Leaving the pictures aside, transcribe the data below exactly.

= Beginning of Section =

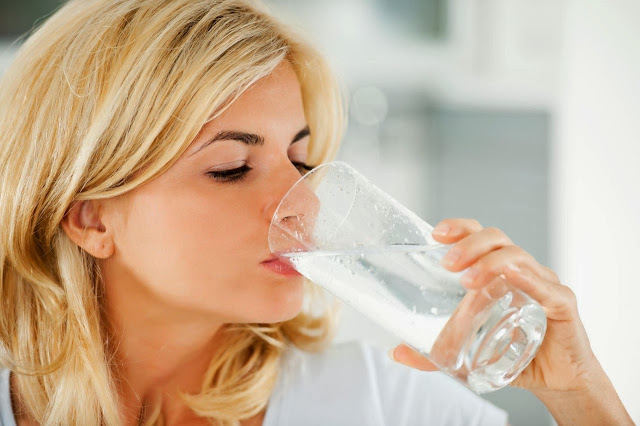 cara Menurunkan Berat Badan dengan cepat hanya dalam 2 Minggu dengan banyak minum air putih karena paling ampuh untuk menurunkan berat badan dengan cepat
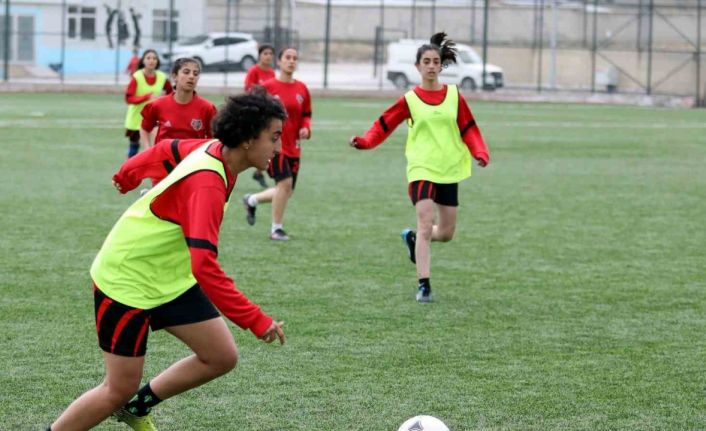 Van Büyükşehir Kadın Futbol Takımı yeni sezona hazır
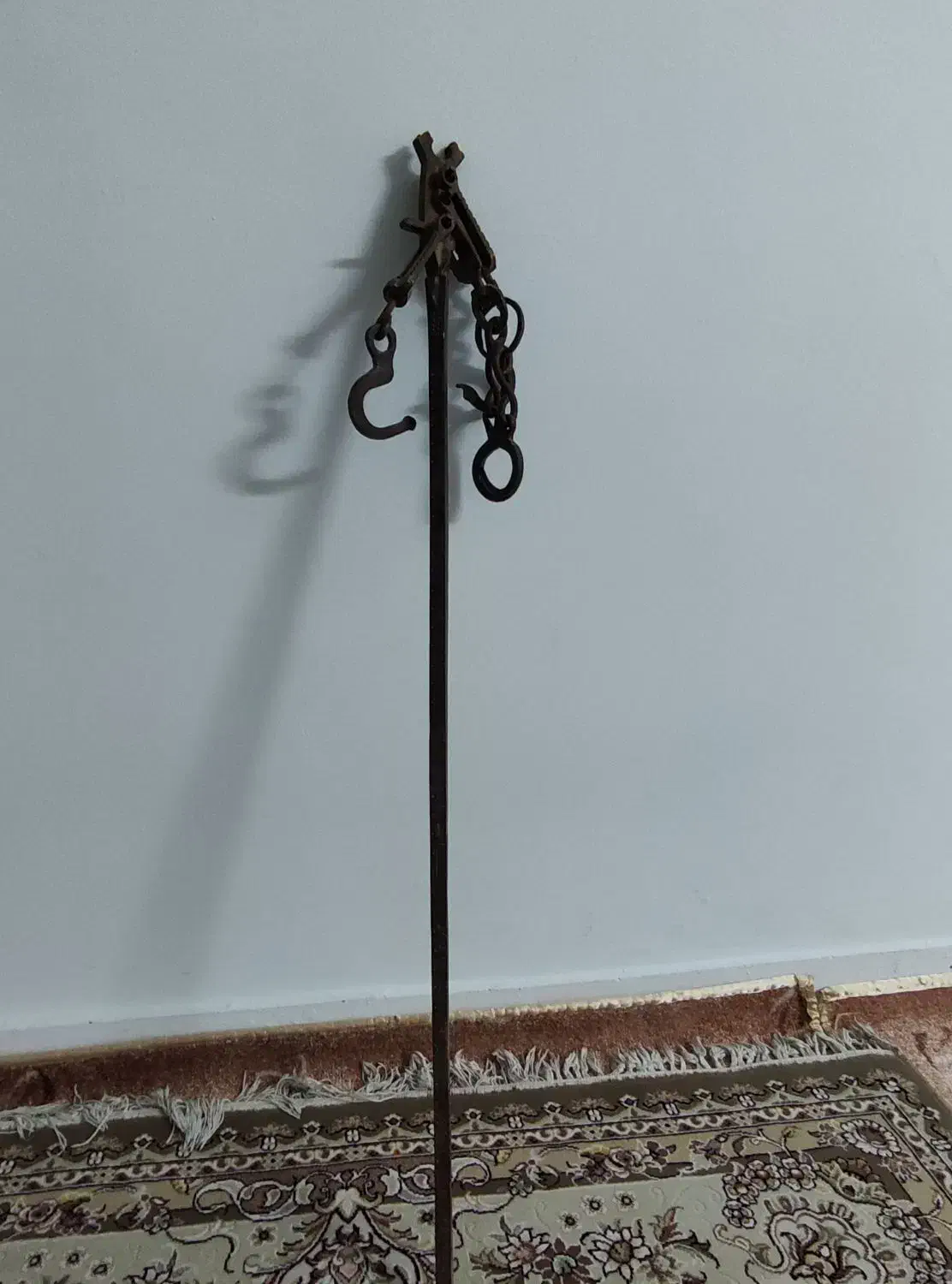 قپان قدیمی صدساله|کلکسیون اشیاء عتیقه|ملارد, |دیوار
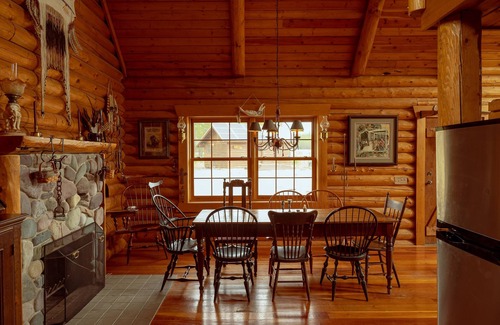 Polebridge Kabine | Log Cabin & Optional Bunkhouse mit spektakulären Wildnis Ansichten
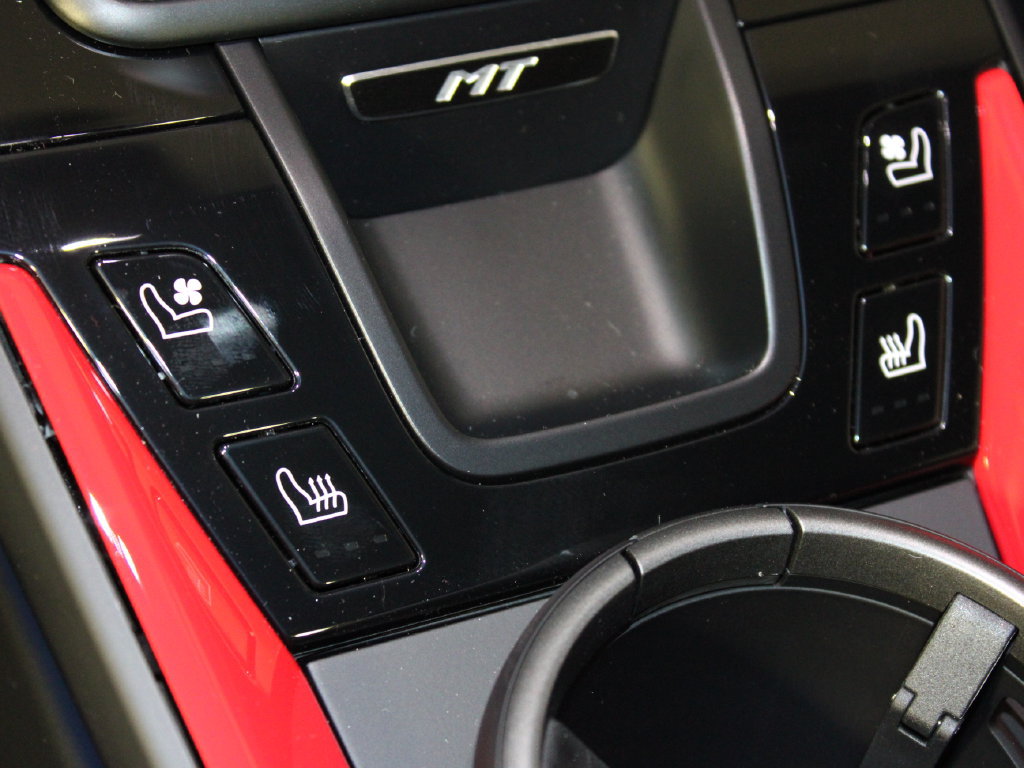 Certified 2026 Porsche 911 Carrera T RWD image 32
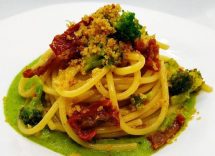 pasta con broccoli acciughe e pomodori secchi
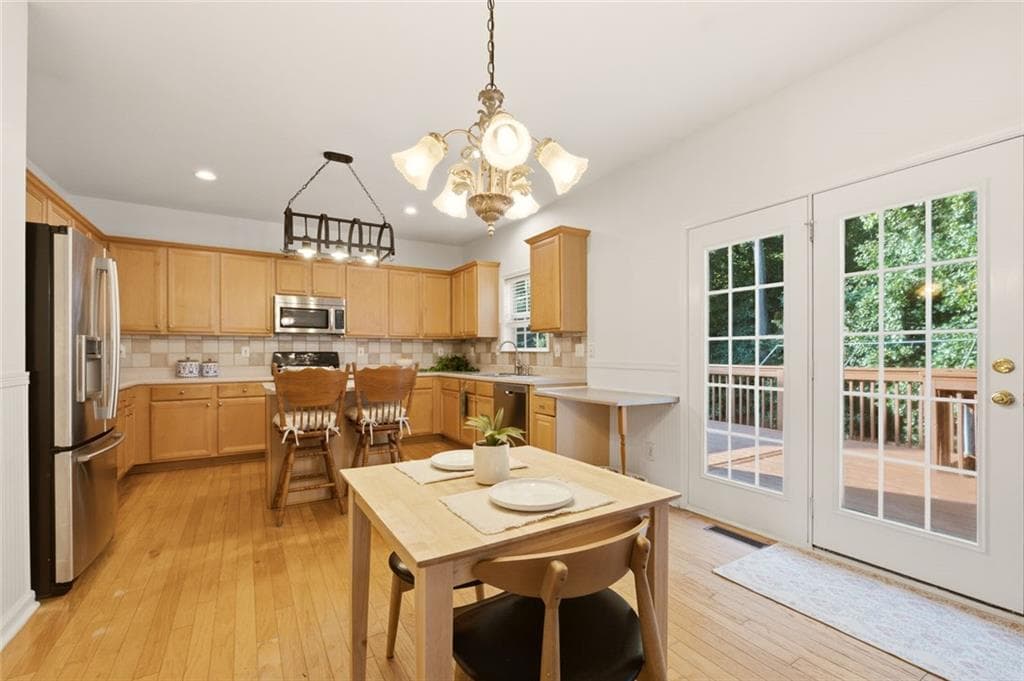 6 bedroom, 4 bathroom, 4,711 sq ft single family residence under contract at 3211 Seneca Farm Lane, Buford, GA 30519 — photo 10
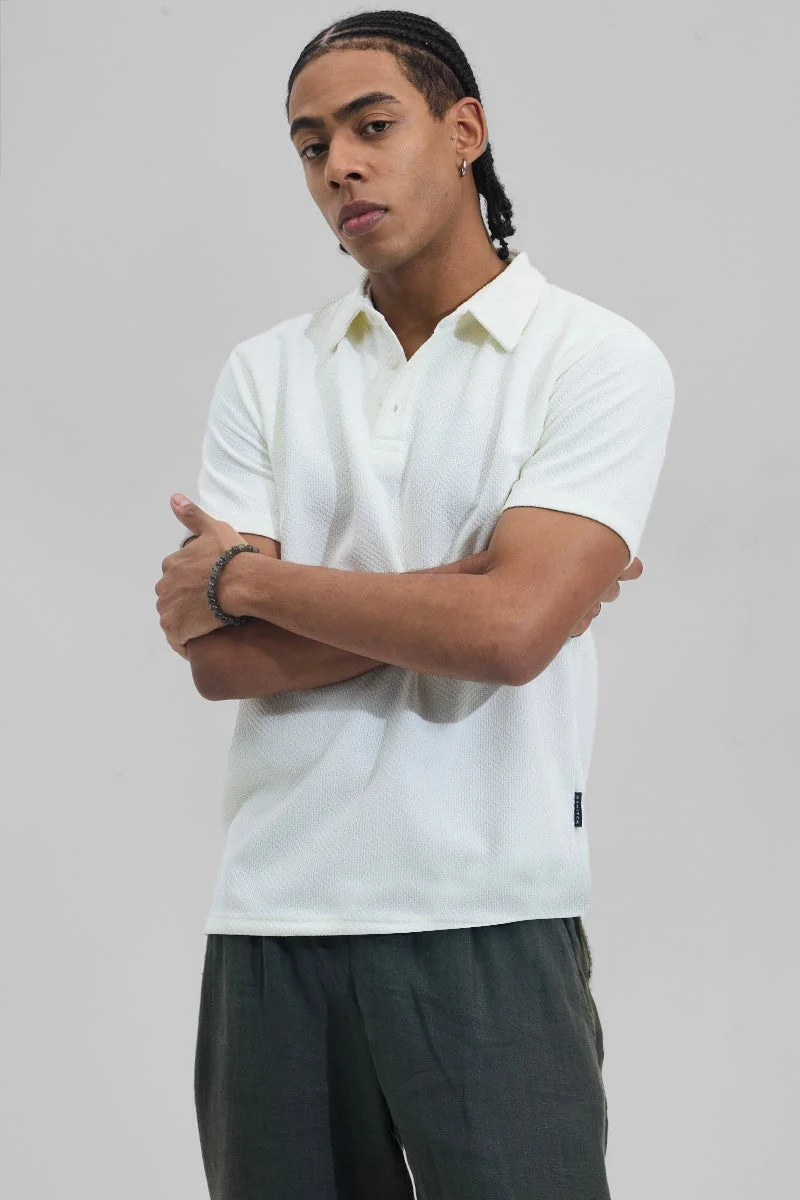 سنيتش Off-White Textured Half Sleeve Slim Fit T-Shirt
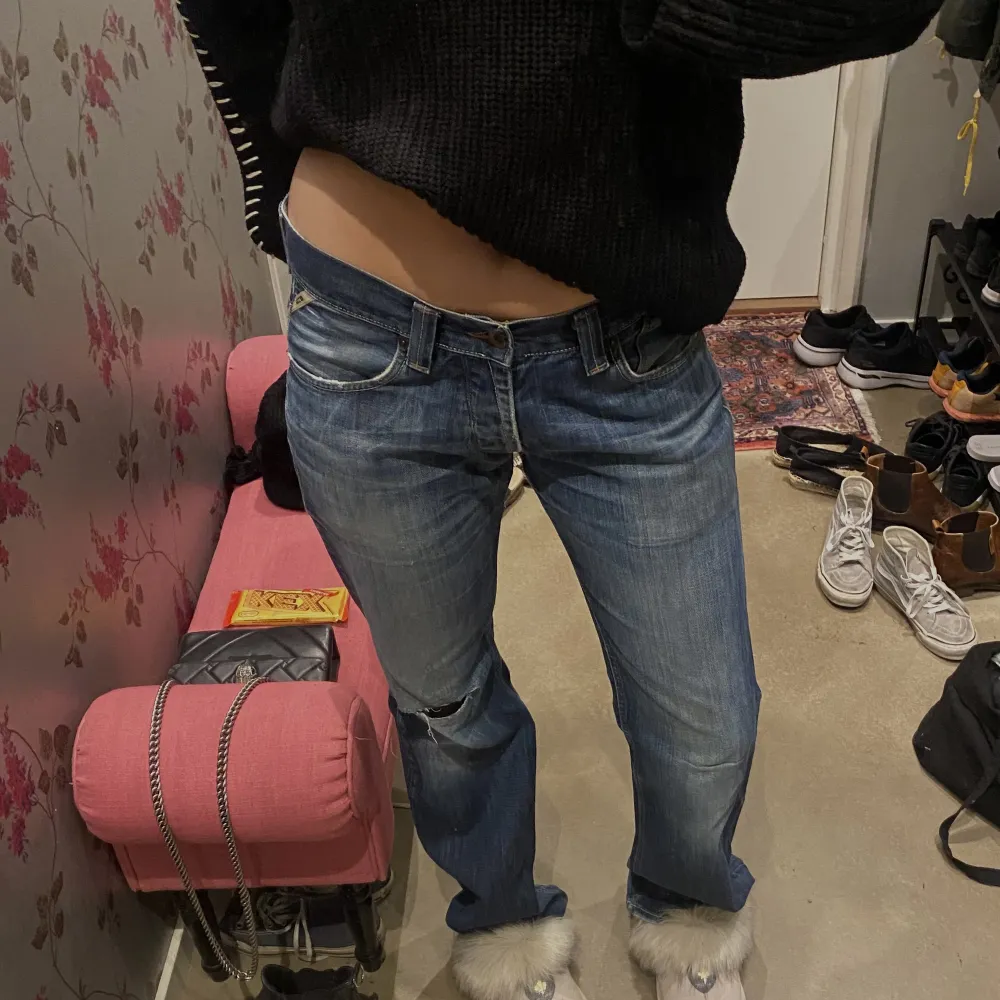 Intressekontroll på mina skitsnygga lågmidjade trendiga vintage jeans från Jack & Jones!!!💗jätte långa på mig som är 175! 💗. Jeans & Byxor.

= End of Section =

## Response area
 cara Menurunkan Berat Badan dengan cepat hanya dalam 2 Minggu dengan banyak minum air putih karena paling ampuh untuk menurunkan berat badan dengan cepat
 Van Büyükşehir Kadın Futbol Takımı yeni sezona hazır
 قپان قدیمی صدساله|کلکسیون اشیاء عتیقه|ملارد, |دیوار
 Polebridge Kabine | Log Cabin & Optional Bunkhouse mit spektakulären Wildnis Ansichten
 Certified 2026 Porsche 911 Carrera T RWD image 32
 pasta con broccoli acciughe e pomodori secchi
 6 bedroom, 4 bathroom, 4,711 sq ft single family residence under contract at 3211 Seneca Farm Lane, Buford, GA 30519 — photo 10
 سنيتش Off-White Textured Half Sleeve Slim Fit T-Shirt
 Intressekontroll på mina skitsnygga lågmidjade trendiga vintage jeans från Jack & Jones!!!💗jätte långa på mig som är 175! 💗. Jeans & Byxor.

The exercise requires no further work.